◆ REQUIRED WORK
Below are records that should be duplicated exactly, with no image retained.

Web page caption snippets:
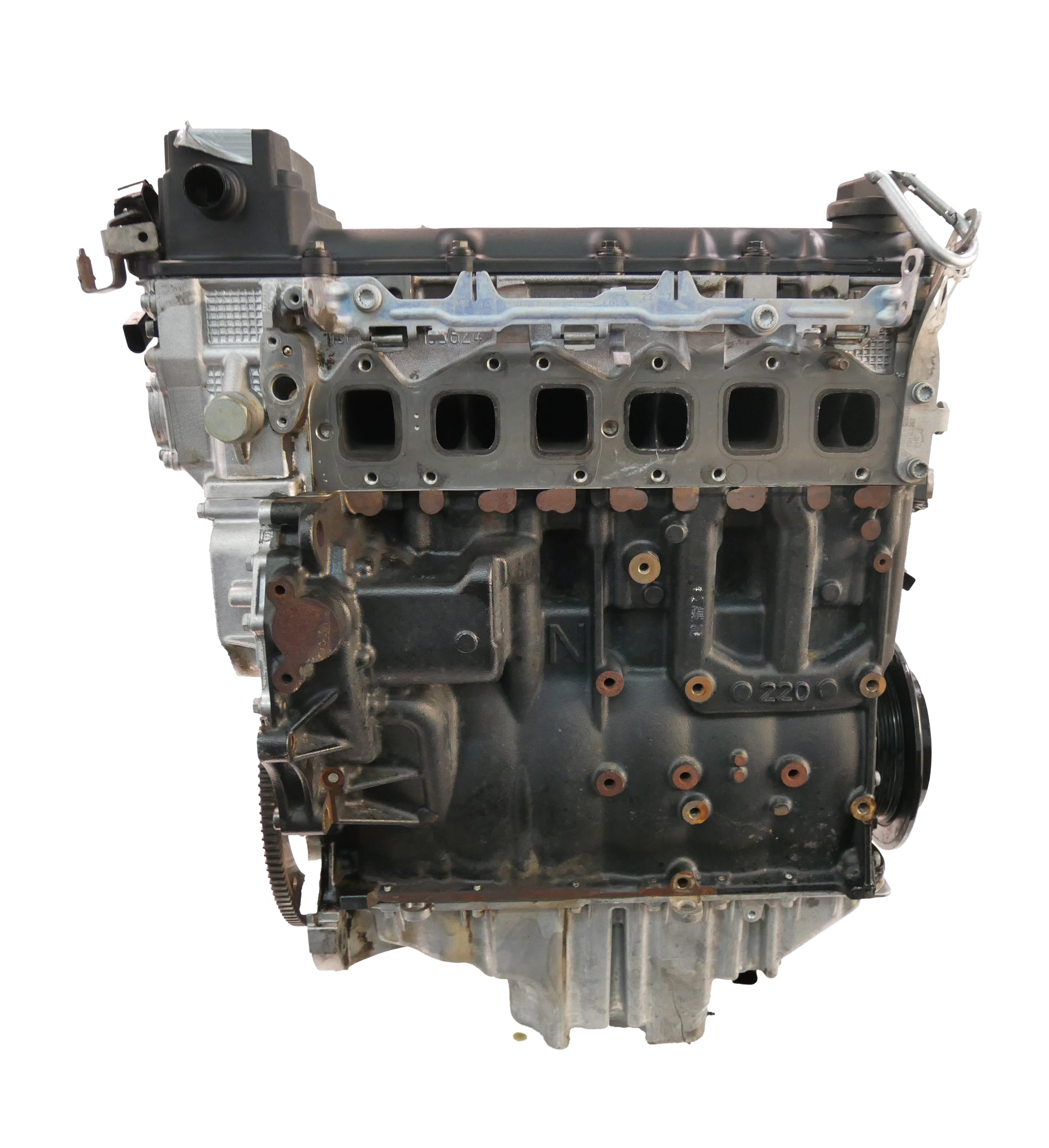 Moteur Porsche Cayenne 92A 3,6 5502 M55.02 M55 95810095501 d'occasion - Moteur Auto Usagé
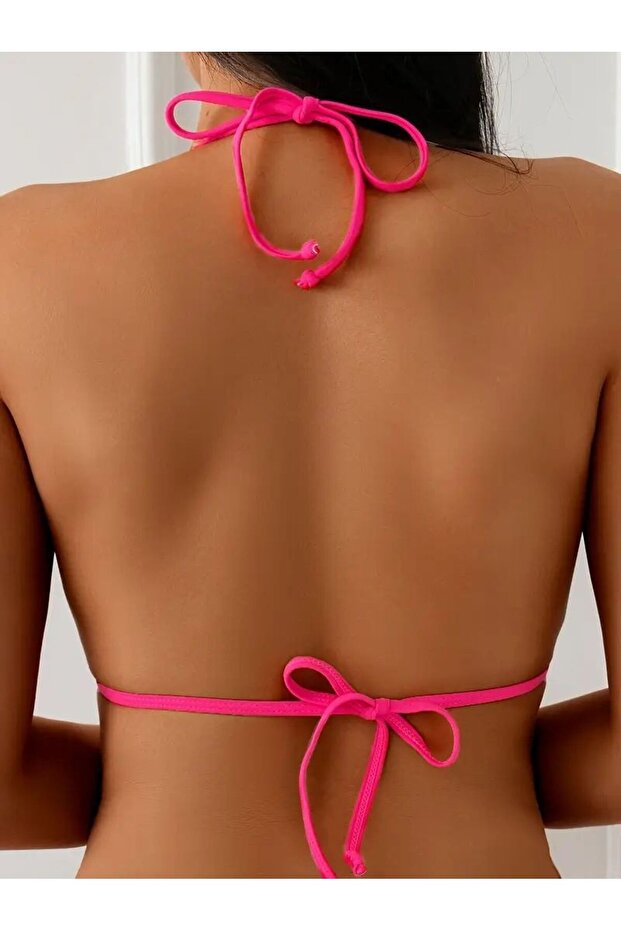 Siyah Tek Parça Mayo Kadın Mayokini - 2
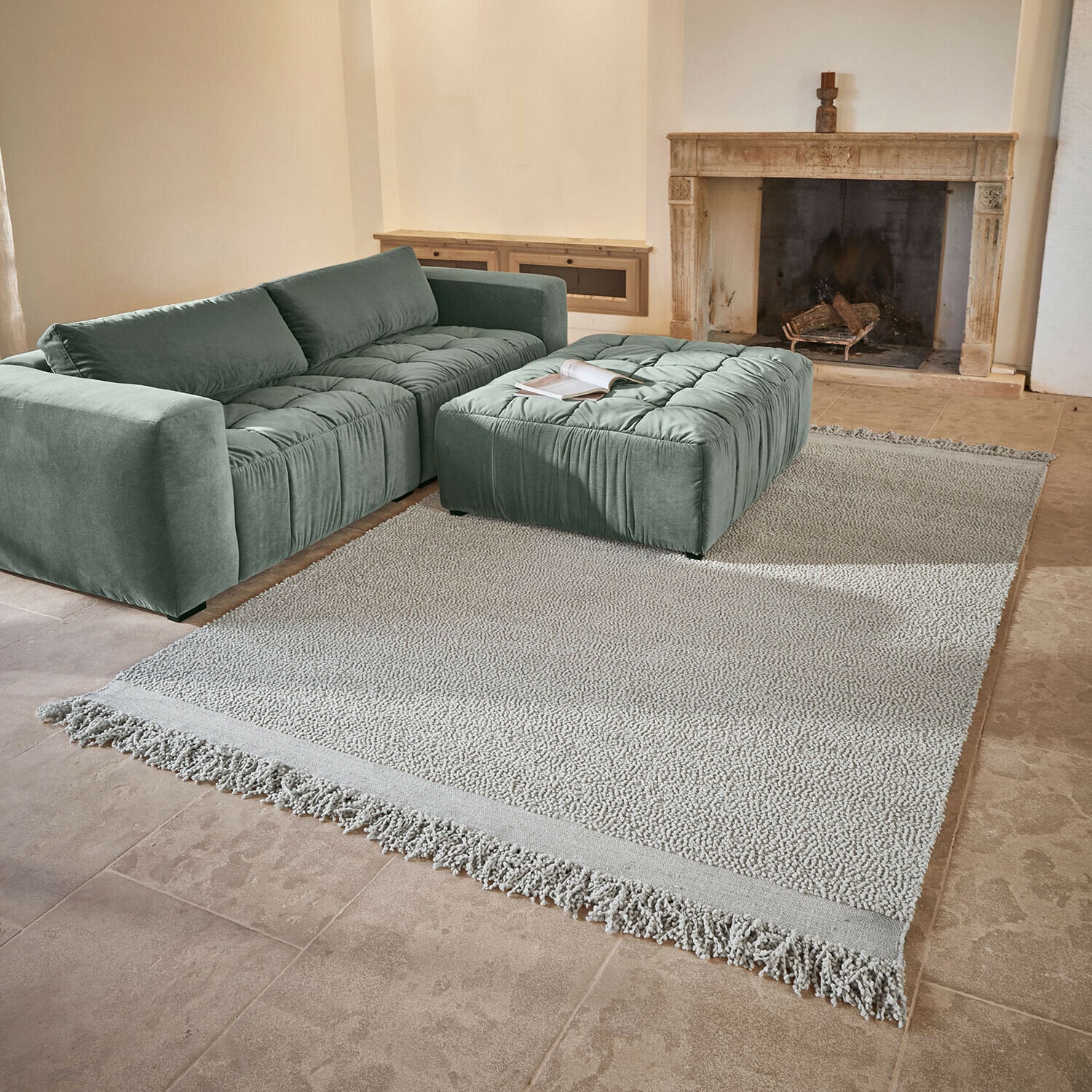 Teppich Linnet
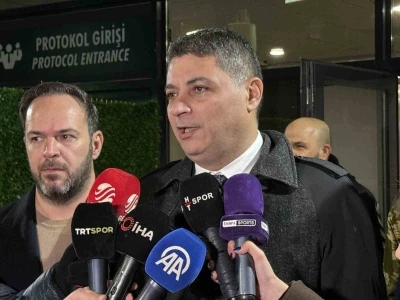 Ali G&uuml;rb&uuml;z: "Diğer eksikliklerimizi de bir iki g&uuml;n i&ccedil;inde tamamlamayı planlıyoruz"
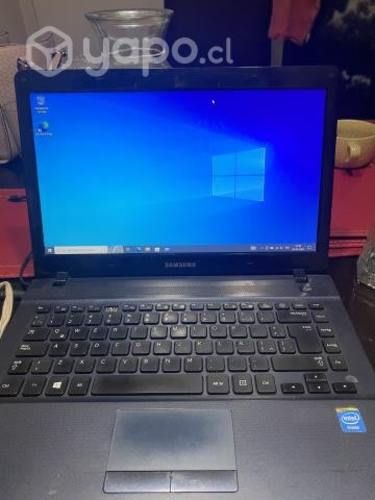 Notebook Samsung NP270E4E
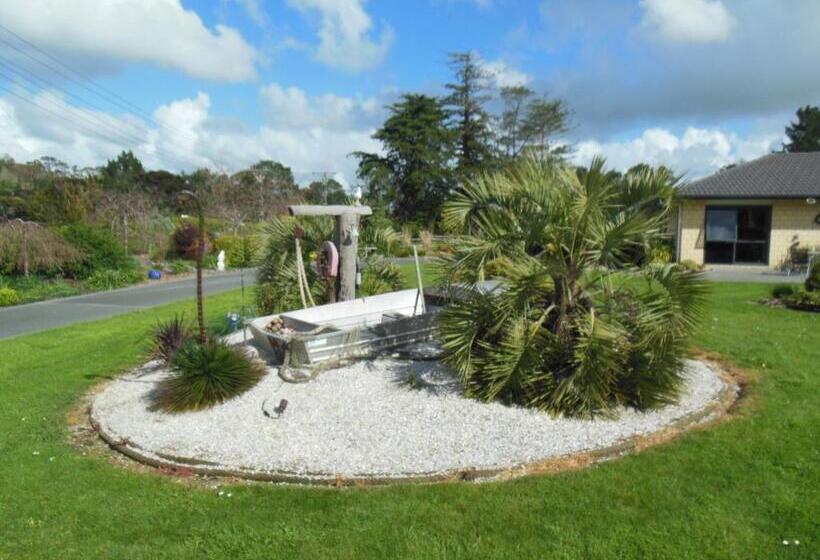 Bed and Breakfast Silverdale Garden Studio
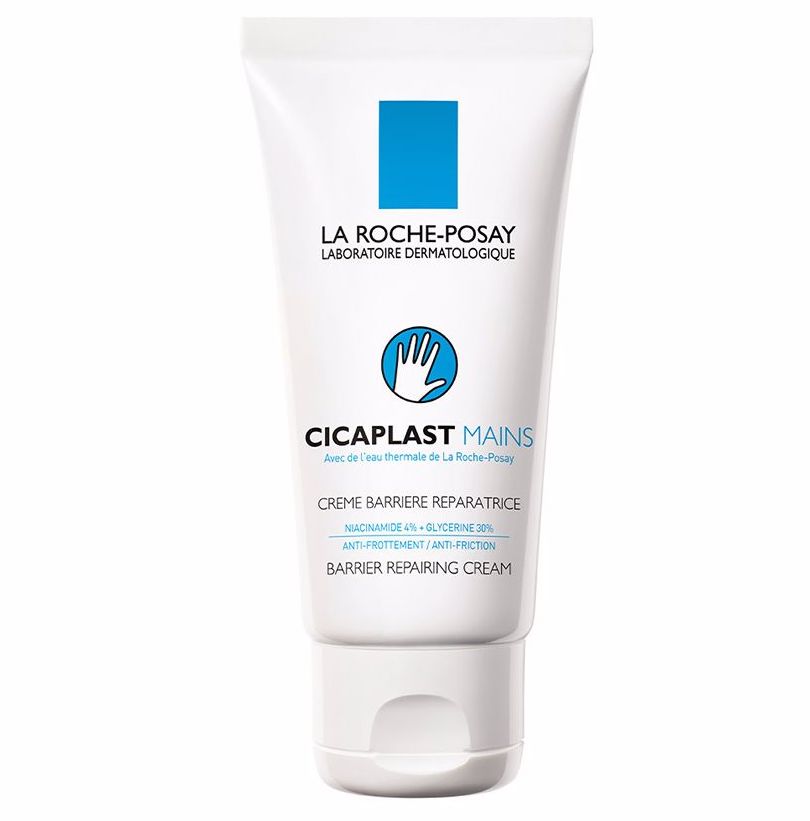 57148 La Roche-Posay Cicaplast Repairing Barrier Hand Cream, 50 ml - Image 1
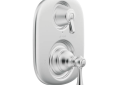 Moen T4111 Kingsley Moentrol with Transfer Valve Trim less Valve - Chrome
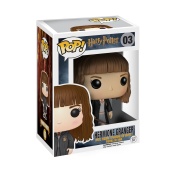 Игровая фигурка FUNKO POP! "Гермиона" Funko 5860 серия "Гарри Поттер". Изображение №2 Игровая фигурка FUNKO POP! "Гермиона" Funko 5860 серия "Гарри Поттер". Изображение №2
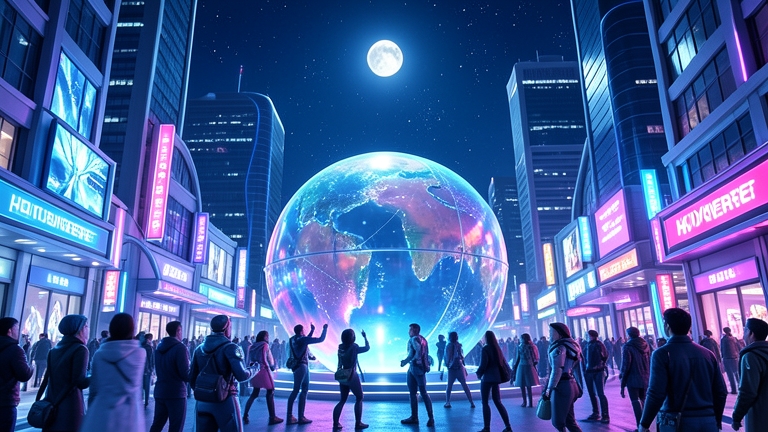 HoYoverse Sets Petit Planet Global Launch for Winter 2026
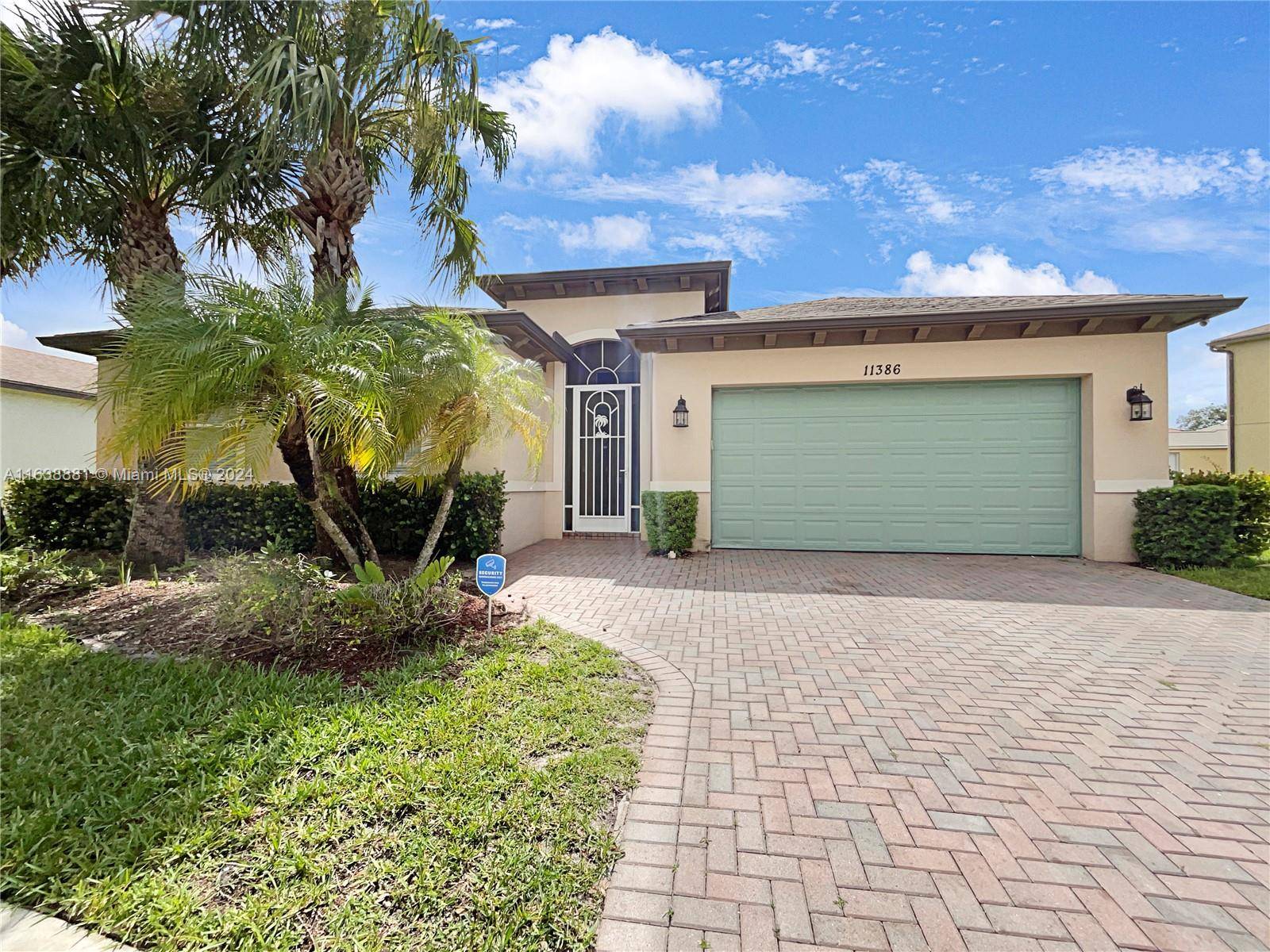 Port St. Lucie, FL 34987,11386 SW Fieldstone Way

◆ WRITTEN SOLUTION
 Moteur Porsche Cayenne 92A 3,6 5502 M55.02 M55 95810095501 d'occasion - Moteur Auto Usagé
 Siyah Tek Parça Mayo Kadın Mayokini - 2
 Teppich Linnet
 Ali G&uuml;rb&uuml;z: "Diğer eksikliklerimizi de bir iki g&uuml;n i&ccedil;inde tamamlamayı planlıyoruz"
 Notebook Samsung NP270E4E
 Bed and Breakfast Silverdale Garden Studio
 57148 La Roche-Posay Cicaplast Repairing Barrier Hand Cream, 50 ml - Image 1
 Moen T4111 Kingsley Moentrol with Transfer Valve Trim less Valve - Chrome
 Игровая фигурка FUNKO POP! "Гермиона" Funko 5860 серия "Гарри Поттер". Изображение №2 Игровая фигурка FUNKO POP! "Гермиона" Funko 5860 серия "Гарри Поттер". Изображение №2
 HoYoverse Sets Petit Planet Global Launch for Winter 2026
 Port St. Lucie, FL 34987,11386 SW Fieldstone Way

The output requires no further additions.